Another interesting fact, the tuning fork can have 2 oscillation modes (my guess is this might correspond with the series and the parallel resonance?  ):

In-phase mode of a quartz tuning fork
Castellanos-Gomez Lab


Anti-phase oscillation of a quartz tuning fork
Castellanos-Gomez Lab

[SteveThackery]

It's worth pointing out that 32,768Hz crystals specifically made for watches are different from the ones that intended for connection to a microcontroller. The ones for watches run at 1.5V or less, and their frequency goes way out of spec if driven with 3.3V or 5V.

I'm aware of uW power level limitations to avoid damage to watch/rtc crystals, but haven't seen voltage limits.
Can you point to some datasheets that make this voltage limit clear?
thanks

Actually I cannot. I was repeating something an electronics developer told me - he has made products for use in the horological trade. I've been to RS and checked out their crystals. The watch crystals have a maximum drive level of 1 to 1.5 uW.  A random look at other crystals suggests a maximum drive level of around 1 mW, so a thousand times higher.

I admit that I don't know how the drive power level is related to the operating voltage. I don't know how an oscillator is designed to drive its crystal with a particular power.

I've got a feeling, though, that plugging a 1 uW crystal into an oscillator designed for a 1 mW crystal might end badly.

Clearly I've got a lot to learn.

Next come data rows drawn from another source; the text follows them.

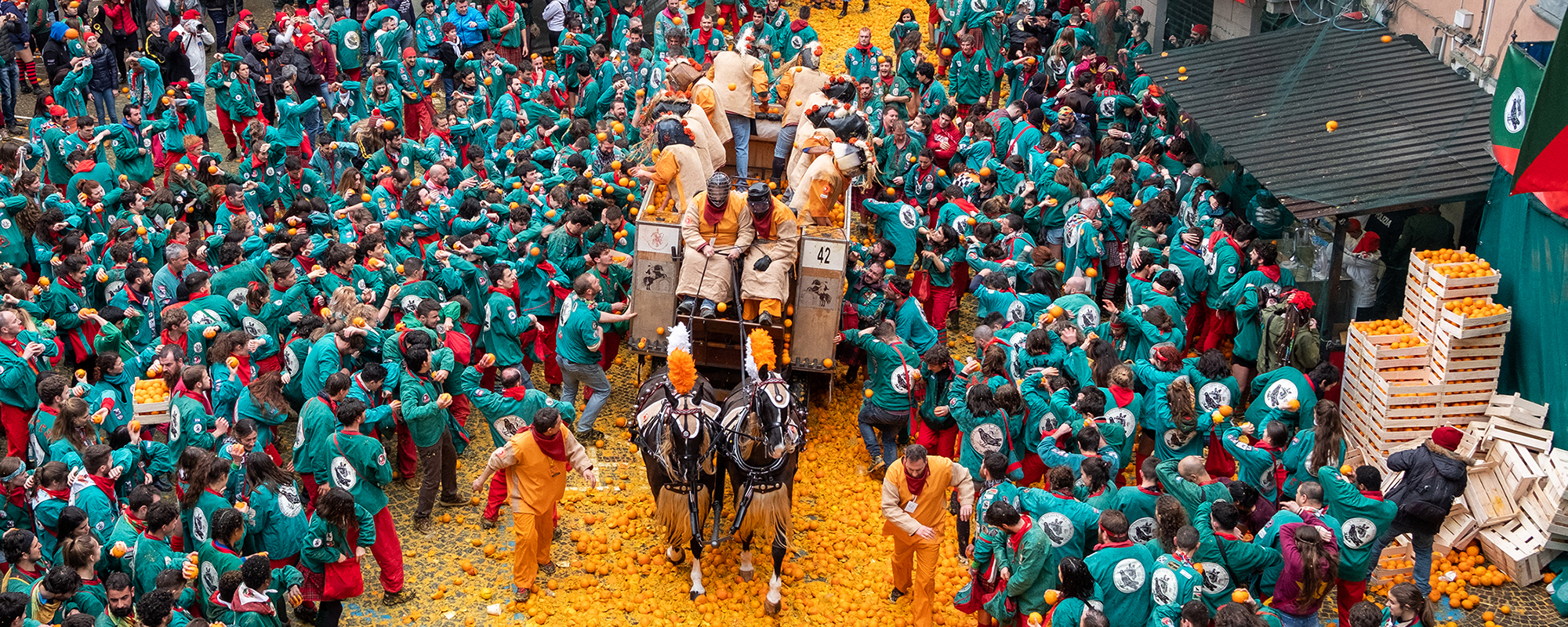 Crowd throwing oranges.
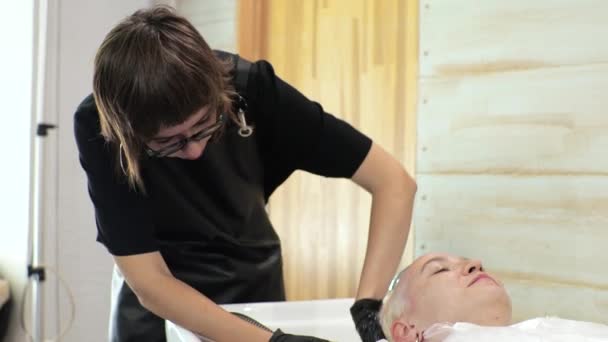 Peluquería lava el tinte del pelo de las mujeres. El salón está en casa.. — Vídeos de Stock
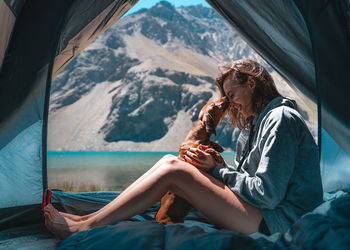 Side view of young woman sitting outdoors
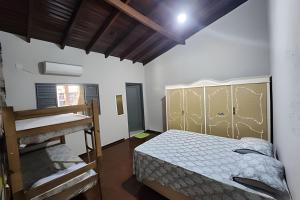 a bedroom with a bed and a ladder in it at Dourados Guest Flat, your choice in Dourados-MS. in Dourados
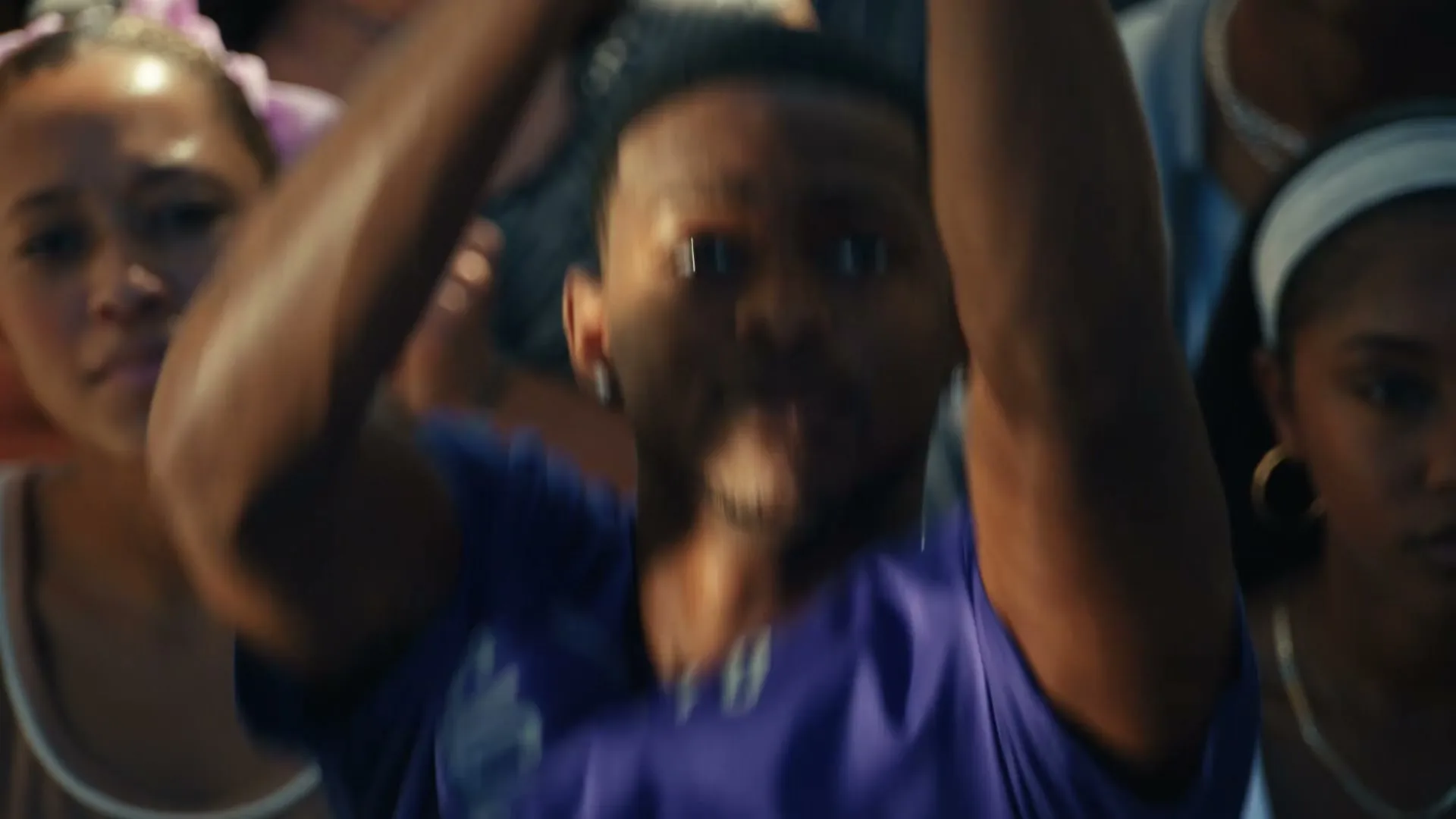 A young man in a purple shirt catches a basketball, then looks up with a hopeful expression, surrounded by other spectators at an outdoor game.
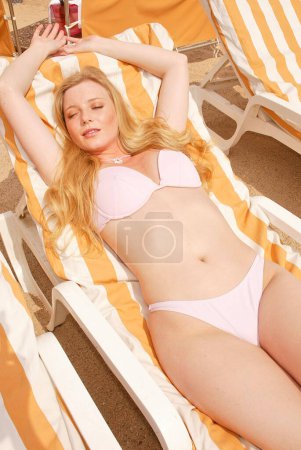 Photo for Gry Wernberg Bay sunbathing on beach sun lounger at Cannes, France 05.15.04 - Royalty Free Image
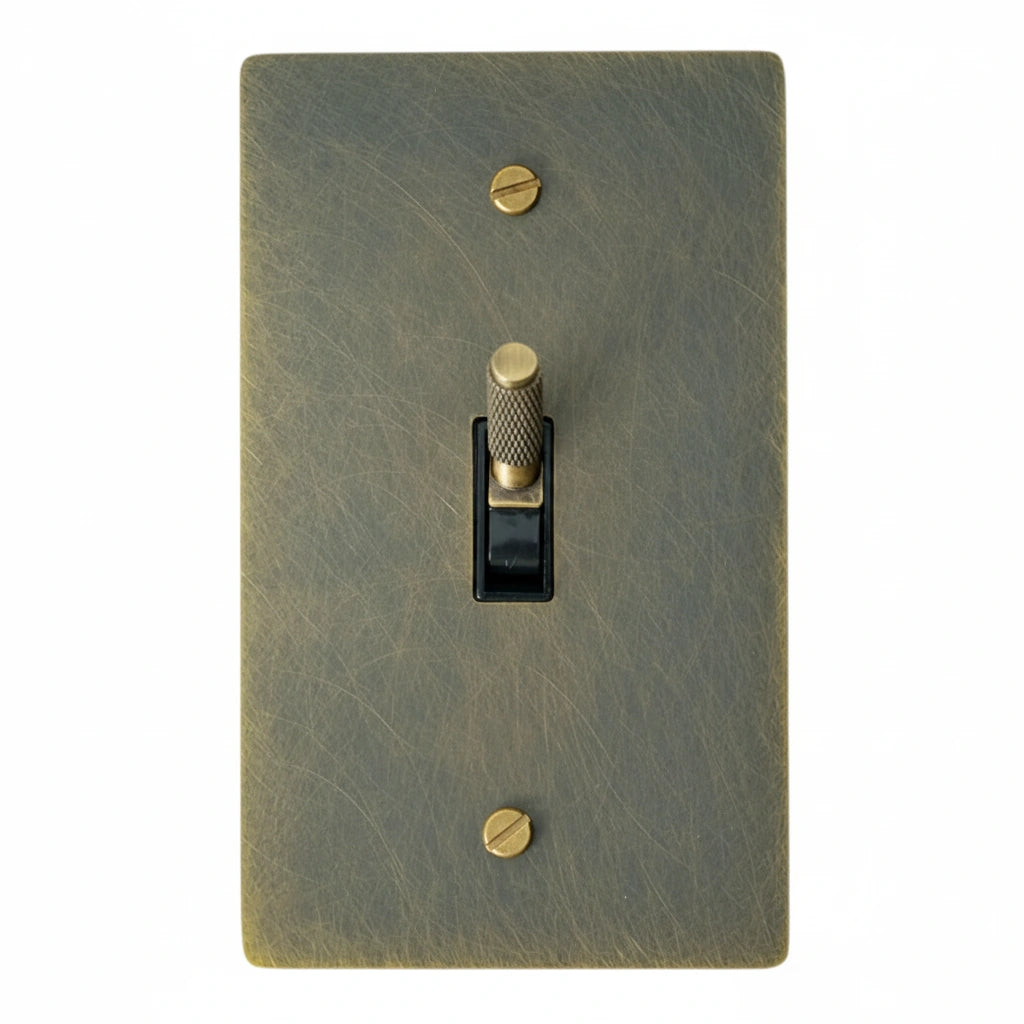 Bronze-colored light switch cover with a toggle switch on a white background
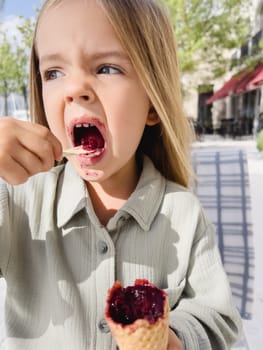 Little girl with stained mouth eating popsicles with a spoon. High quality photo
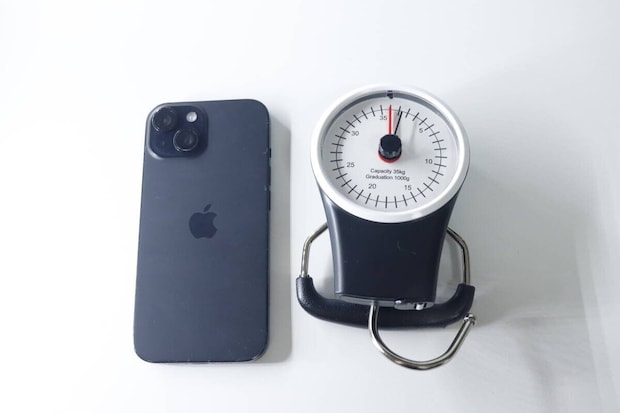 黒いスマートフォンと並べて置かれたスーツケース用計り。計りの方が大きい。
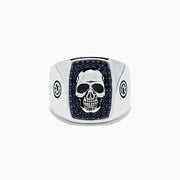 The Men's Sterling Silver Black Spinel Skull Ring features a central raised skull, small black spinel stones surrounding it, and circular engraved symbols on each side of the band.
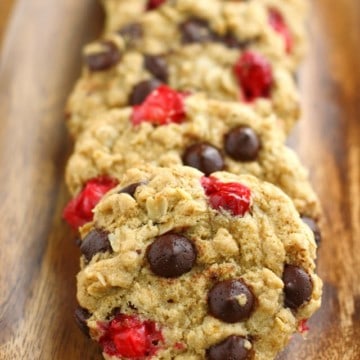 Chewy and delicious chocolate chip oatmeal cookies are made extra festive with the addition of fresh cranberries! Vegan and gluten free recipe.
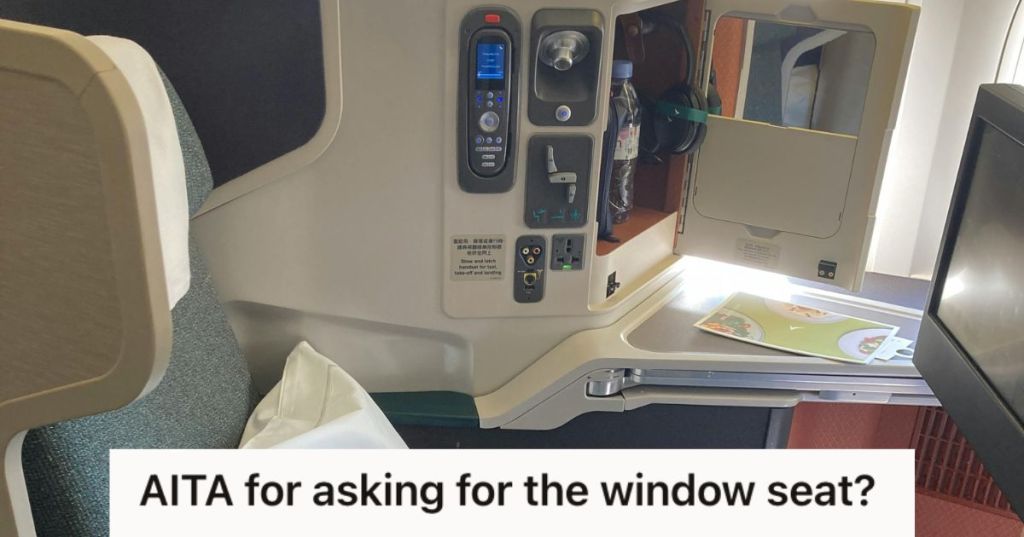 A business class seat in an airplane
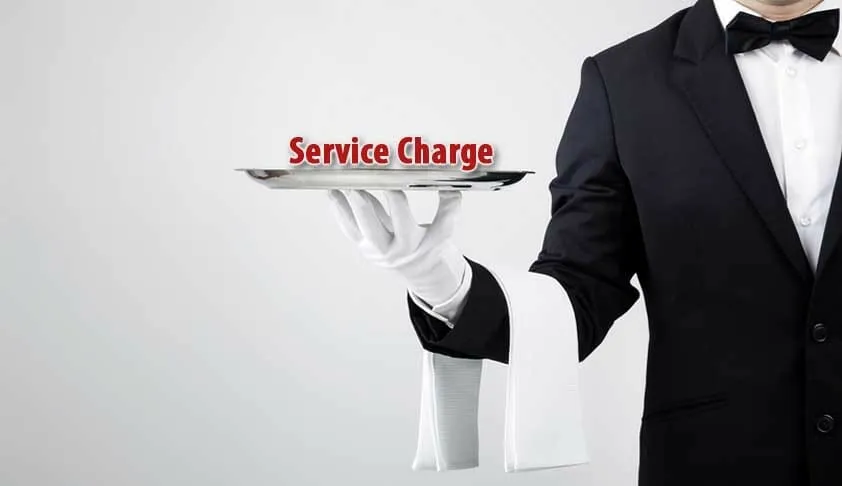 Чайові та service charge за кордоном: як читати рахунок і не платити двічі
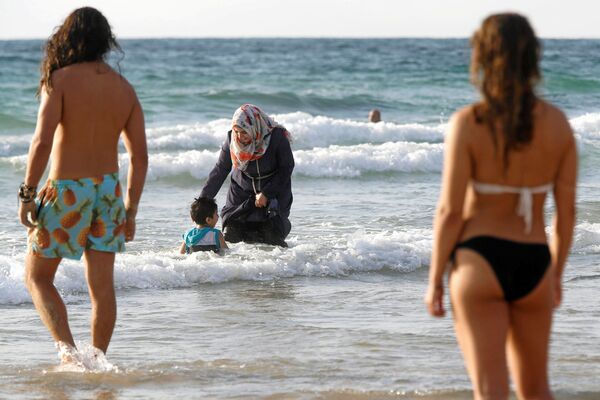 زن مسلمان در حال آبتنی دادن فرزندش در  دریای مدیترانه در اسرائیل - اسپوتنیک ایران  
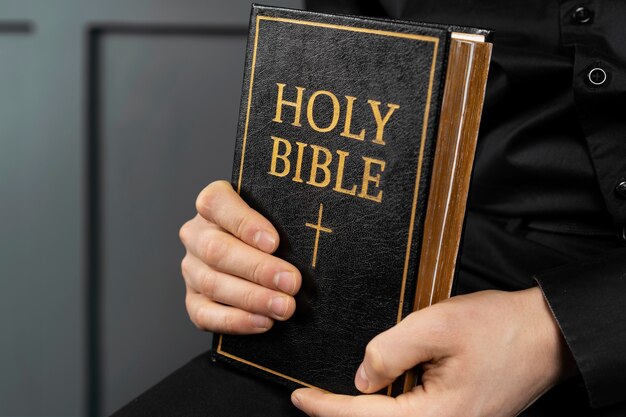 Close up hands holding holy bible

Maybe a new thread is warranted.

[SteveThackery]

A good ultrasound microphone may hear a quartz clock (by its 32kHz sound), particularly by conduction.  This trick is sometimes used to fine-tune the exact running frequency for fancy quartz wristwatches (at factory/service) .

The crystal is easy to hear. For the past few decades watch crystals running slightly faster than 32768Hz have been used, and an electronic circuit drops one of the pulses at preprogrammed intervals. The drop rate is set by cutting a particular combination of tracks on the PCB, which tells the pulse-skipper how often to skip a pulse. The cutting is done by laser.

That's why you can't use the frequency of the quartz crystal as a measure of the watch's timekeeping. You need to know the skip rate as well. The skipping is called "inhibition", and you need to know whether a watch uses it or not when measuring its accuracy.

EDIT: Swatch pioneered a different system. The crystals were laser-trimmed to the desired frequency; the laser actually vapourised minute bits of the tuning fork.